Exercise instructions: Output the data below exactly, without images.

-- Opening Marker --

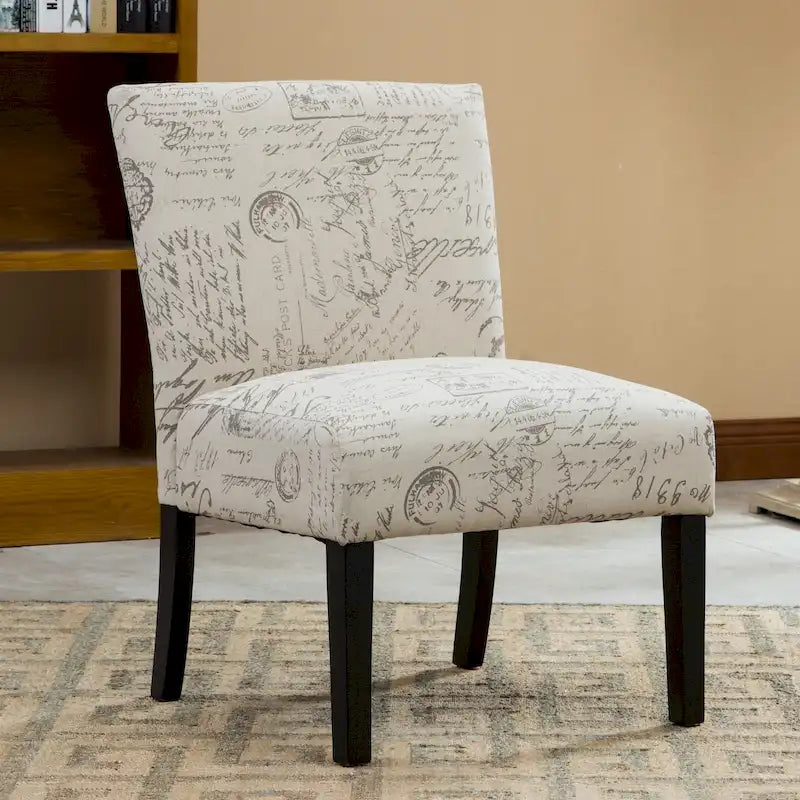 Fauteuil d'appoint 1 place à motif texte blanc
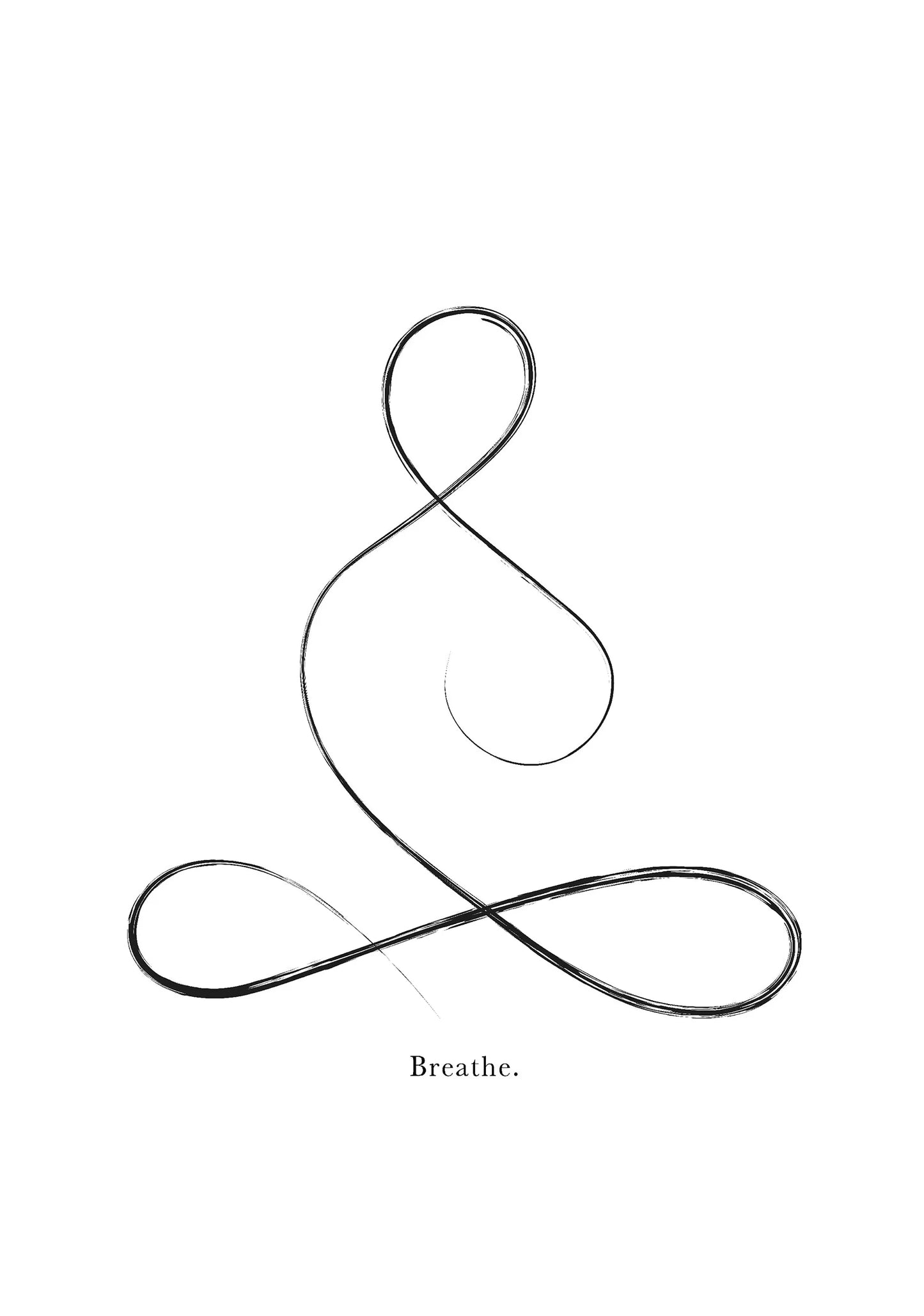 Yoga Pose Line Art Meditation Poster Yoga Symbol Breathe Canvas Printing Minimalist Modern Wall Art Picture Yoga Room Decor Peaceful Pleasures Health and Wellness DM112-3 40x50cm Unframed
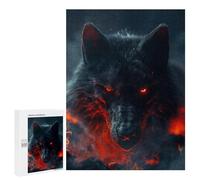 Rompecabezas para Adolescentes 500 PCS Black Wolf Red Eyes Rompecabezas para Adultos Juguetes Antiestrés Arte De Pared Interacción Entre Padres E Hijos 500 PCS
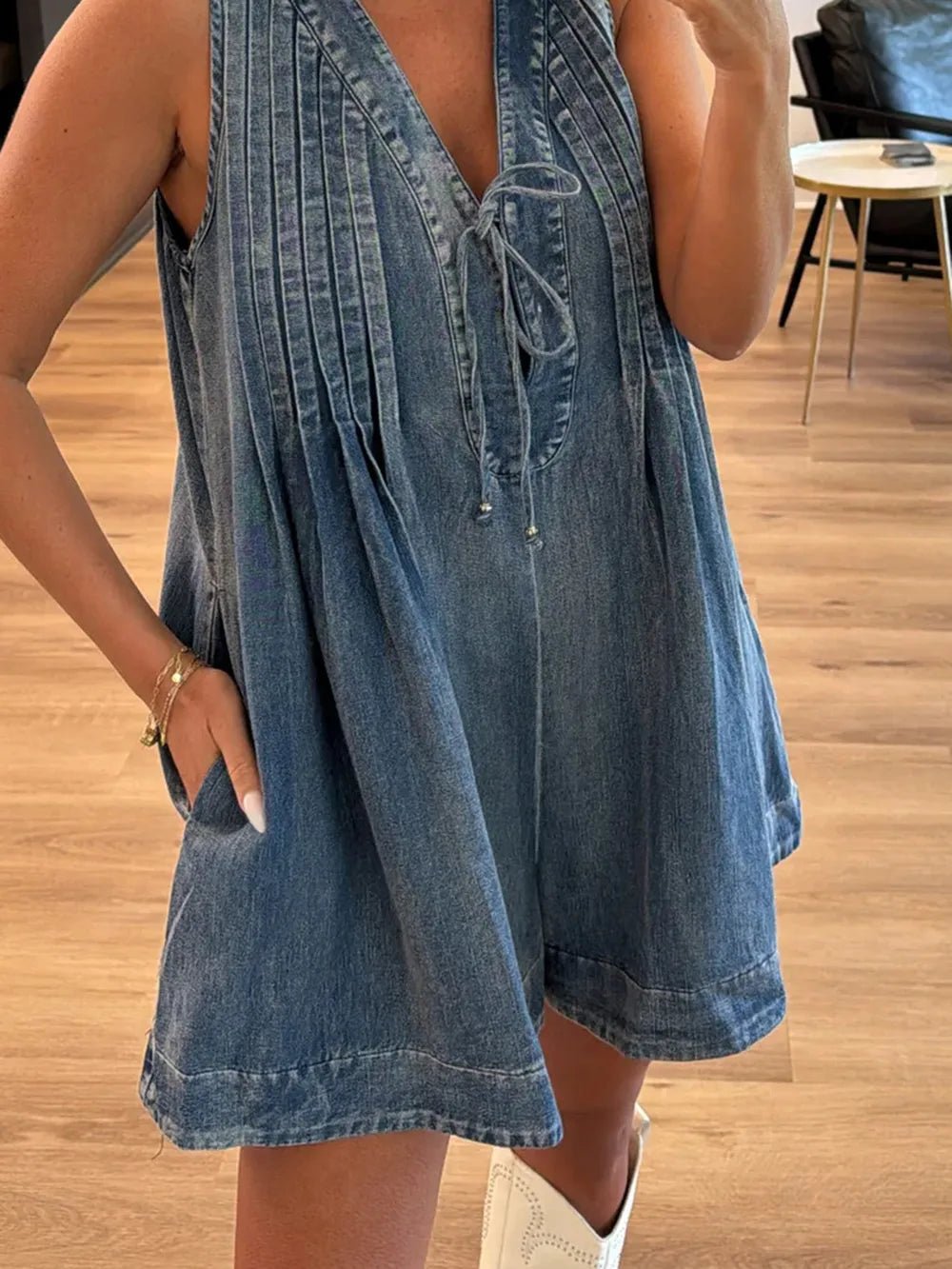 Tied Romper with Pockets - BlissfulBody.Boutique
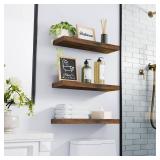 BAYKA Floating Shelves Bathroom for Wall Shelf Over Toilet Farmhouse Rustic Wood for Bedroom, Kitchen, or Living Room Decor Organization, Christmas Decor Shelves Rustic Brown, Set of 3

-- Closing Marker --

Solution to this task:
 Fauteuil d'appoint 1 place à motif texte blanc
 Yoga Pose Line Art Meditation Poster Yoga Symbol Breathe Canvas Printing Minimalist Modern Wall Art Picture Yoga Room Decor Peaceful Pleasures Health and Wellness DM112-3 40x50cm Unframed
 Rompecabezas para Adolescentes 500 PCS Black Wolf Red Eyes Rompecabezas para Adultos Juguetes Antiestrés Arte De Pared Interacción Entre Padres E Hijos 500 PCS
 Tied Romper with Pockets - BlissfulBody.Boutique
 BAYKA Floating Shelves Bathroom for Wall Shelf Over Toilet Farmhouse Rustic Wood for Bedroom, Kitchen, or Living Room Decor Organization, Christmas Decor Shelves Rustic Brown, Set of 3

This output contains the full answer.